Molte, le cause di quest’anomalia: dall’eredità negativa di fenomeni come la Controriforma, col suo incredibile peso di “catafalchi dogmatico-liturgici” e servilismo verso il potere al fascino che su larga parte del movimento operaio ha esercitato, per decenni, il massimalismo comunista, soprattutto togliattiano (che, sulle orme di Lenin, addirittura proclamava la lotta alla socialdemocrazia sua principale ragione d’esistere).
“Piu’ in generale – ha osservato Luciano Pellicani – può dirsi che l’ ipoteca massimalista sulla sinistra italiana è stata posta sin da un secolo fa, con quel rovinoso congresso socialista di Reggio Emilia (1912), quasi alla vigilia del folle tentativo di suicidio che l’ Europa avrebbe fatto con la “Grande guerra”: congresso che vide il declino dei riformisti turatiani e l’ascesa dei massimalisti, con l’ astro sorgente Mussolini in primo piano“.
“In effetti– ha aggiunto Gerardo Bianco – già dal primo dopoguerra, e soprattutto nel secondo dopoguerra, le socialdemocrazie europee – dal laburismo britannico all’ SPD tedesca, dai socialdemocratici scandinavi agli “austromarxisti”, movimenti tutti studiati da Averardi in questo libro – hanno costruito lo Stato sociale in cui viviamo. Raccogliendo anche l’ eredià di altre forze (come il governo di Bismarck in Germania, e lo stesso regime fascista in Italia) che pure s’erano poste in questa direzione.E in alcuni di questi partiti socialdemocratici ( come nel Labour inglese e nell’ SPD tedesca, col Manifesto di Bad Godesberg) era presente anche una forte impronta etica, molto vicina a quella cristiana. In Italia, però, dopo il primo Centrosinistra degli anni ’60-’70, l’occasione d’un nuovo incontro tra riformismo socialista e cattolico è stata miseramente sprecata col fallimento dell’ Ulivo, formazione che pure aveva acceso tante speranze vent’ anni
fa”. Sulle anomalie italiane – sempre raffrontate alle grandi realizzazioni delle socialdemocrazie del Nord Europa – s’è soffermato anche Luigi Fenizi, mettendo il dito nella piaga del postcomunismo (da Occhetto a Renzi): “costantemente diretto da una classe politica che è divenuta in tutta fretta “post” senza mai essere stata “ex”- comunista, senza mai aver avuto il coraggio d’avviare una Bad Godesbeg italiana“.

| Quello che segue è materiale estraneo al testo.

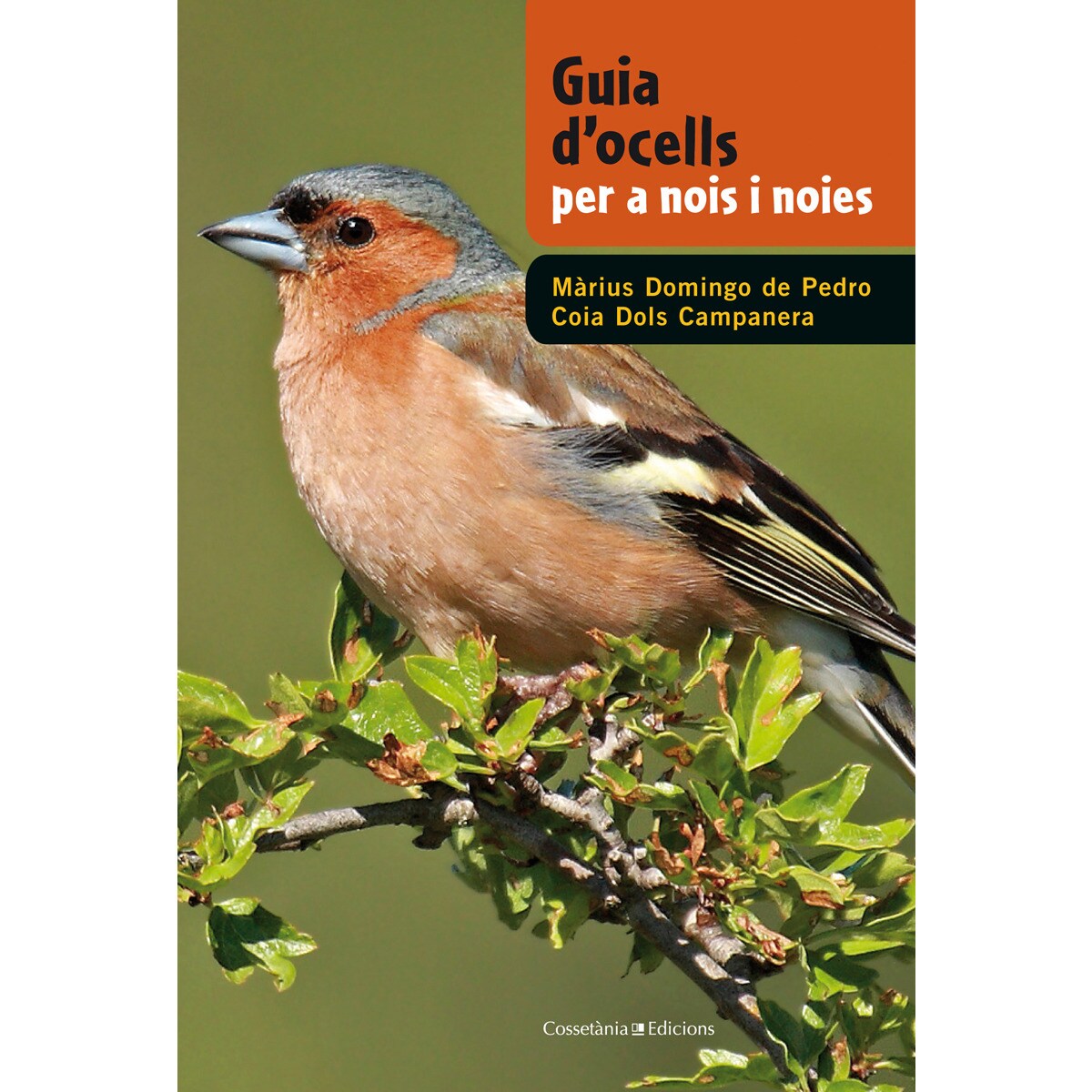 Guia d'ocells per a nois i noies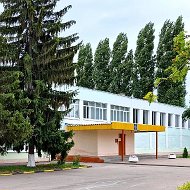 ГБОУ СОШ № 3 П.Г.Т. СМЫШЛЯЕВКА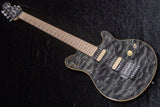 【new】Sterling by MusicMan / AXIS AX40-TBK-M #SG70128 3.6kg【TONIQ Yokohama】
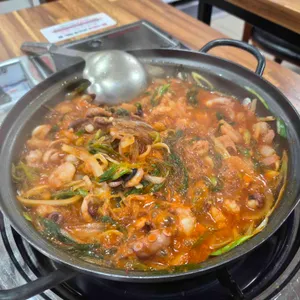 용호동낙지 대표 사진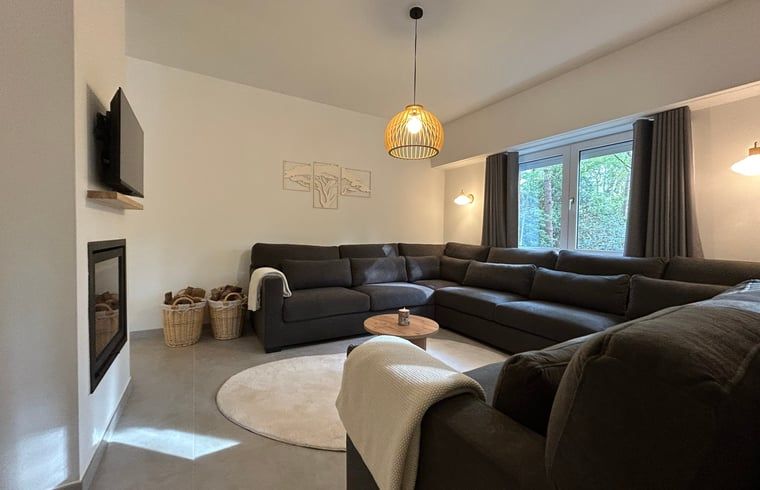 Guest house 044005 - Holiday property Antwerp - Huisje in Wuustwezel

“Tutti ritardi, questi“, ha concluso l’ Autore, Giuseppe Averardi, ” che pesano come macigni, oggi, su una capacità della sinistra attuale (o di quel che ne rimane) di formulare un programma credibile e dettagliato per la ripresa dell’ Italia, o almeno per indicarle, come avrebbe detto Silone, un’ “Uscita di sicurezza”. Ma tutta la sinistra, a guardare bene, deve fare autocritica: perchè, ad esempio, il sindacato in Italia riesce ad essere, il piu’ delle volte, solo conflittuale e corporativo, e non anche propositivo ( su investimenti e sviluppo delle aziende, per non parlare di cogestione), come in Germania e in Svezia? E perchè ( ne parlavo con lo stesso Luigi Angeletti, che ammetteva sinceramente questo grave limite di tutti i nostri sindacati) si chiude nelle a difesa dei soli lavoratori dipendenti, senza quasi occuparsi dei milioni, in grave crescita, di giovani senza lavoro? Facendomi soprattutto queste domande, per una forte ansia di verità e di giustizia, ho scritto questo libro“.